Durante a era paleolítica, a maioria das pessoas vivia em pequenos grupos. Para Lacy, a ideia de que apenas parte do grupo iria caçar não fazia sentido.
“Você vive em uma sociedade tão pequena. Você tem que ser muito, muito flexível”, disse ela. “Todo mundo tem que ser capaz de escolher qualquer papel a qualquer momento. Parece óbvio, mas as pessoas não encaravam dessa forma.”
Homem, o caçador
A teoria dos homens como caçadores e das mulheres como coletoras ganhou notoriedade pela primeira vez em 1968, quando os antropólogos Richard B. Lee e Irven DeVore publicaram “Man the Hunter”, uma coleção de artigos acadêmicos apresentados em um simpósio em 1966. Os autores defenderam que caçar a evolução humana avançada, adicionando carne às dietas pré-históricas, contribuindo para o crescimento de cérebros maiores, em comparação com os nossos primos primatas. Os autores presumiram que todos os caçadores eram do sexo masculino.
Lacy aponta esse preconceito de gênero por parte de estudiosos anteriores como a razão pela qual o conceito se tornou amplamente aceito na academia, eventualmente se espalhando para a cultura popular. Desenhos animados televisivos, longas-metragens, exposições em museus e livros didáticos reforçaram a ideia. Quando acadêmicas publicaram pesquisas em contrário, o seu trabalho foi largamente ignorado ou desvalorizado.

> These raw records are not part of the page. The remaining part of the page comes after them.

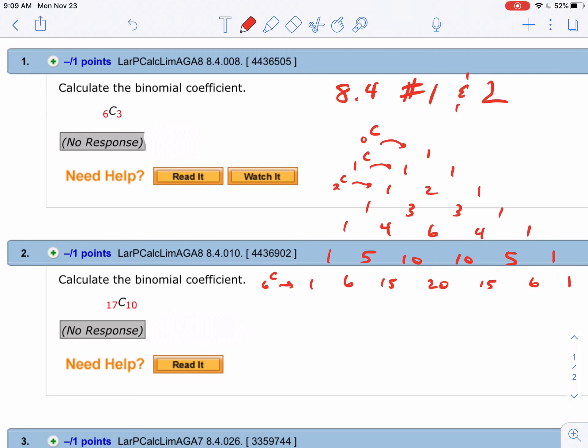We're going to do section 8.4 problems 1 and 2 in this video. First, they're asking for 6C3. I wanted to remind you that there is something called Pascal's triangle. When I say 0C something, there's only one thing you can put there: 0C0, which equals 1. Then you can do 1C0, which is 1, or...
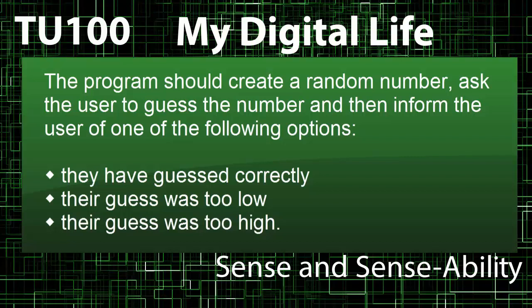So construct a program to do the following. The program should create a random number, ask the user to guess the number, and then inform the user of one of the following options: that they've guessed correctly, that their guess was too low, or that their guess was too high.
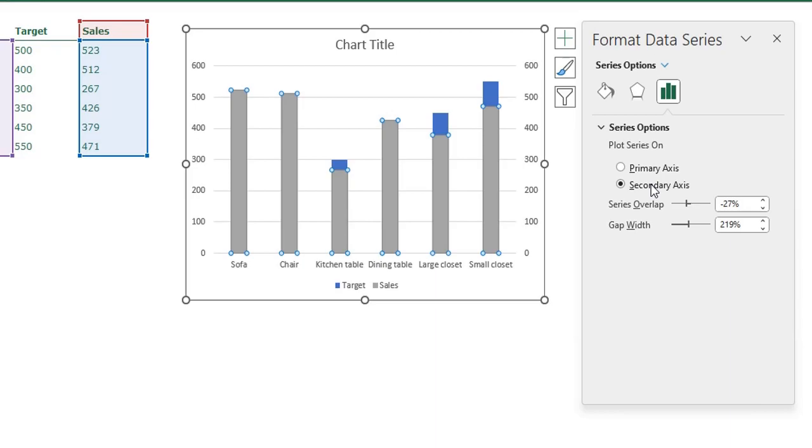To do that we are going to adjust the gap width. The gap width for the sales, I am going to adjust it to 100.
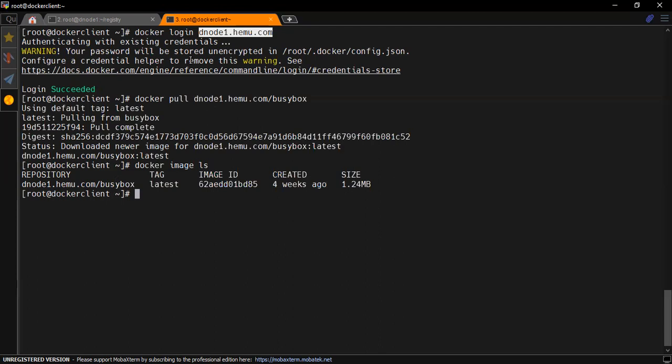In this manner we can configure our private registry server and use it inside our environment. Please do practice this and let me know about your feedback. Hopefully it should work for you. Thanks for being such a nice audience. Have a nice day, bye bye.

“Havia mulheres que publicavam sobre isso nos anos 70, 80 e 90, mas seu trabalho continuava sendo relegado a: ‘Oh, isso é uma crítica feminista ou uma abordagem feminista’”, disse Lacy. Do trabalho sobre genética e muito do trabalho sobre fisiologia e o papel do estrogênio foram divulgados. Queríamos levantar os argumentos que eles já haviam apresentado e adicionar a eles todas as coisas novas.”
Lacy disse que a teoria do “homem, o caçador” continua a influenciar a disciplina. Embora reconheça que é necessário fazer muito mais pesquisa sobre a vida dos povos pré-históricos — especialmente das mulheres — ela espera que a sua opinião de que o trabalho foi dividido entre ambos os sexos se torne a abordagem padrão para a investigação no futuro.
Durante 3 milhões de anos, homens e mulheres participaram na recolha de subsistência para as suas comunidades, e a dependência da carne e da caça foi impulsionada por ambos os sexos, disse Lacy.
“Não é algo que apenas os homens fizeram e que, portanto, o comportamento masculino impulsionou a evolução”, disse ela. “O que hoje consideramos como papéis de gênero de fato não são inerentes, não caracterizam os nossos antepassados. Fomos uma espécie muito igualitária durante milhões de anos em muitos aspectos.”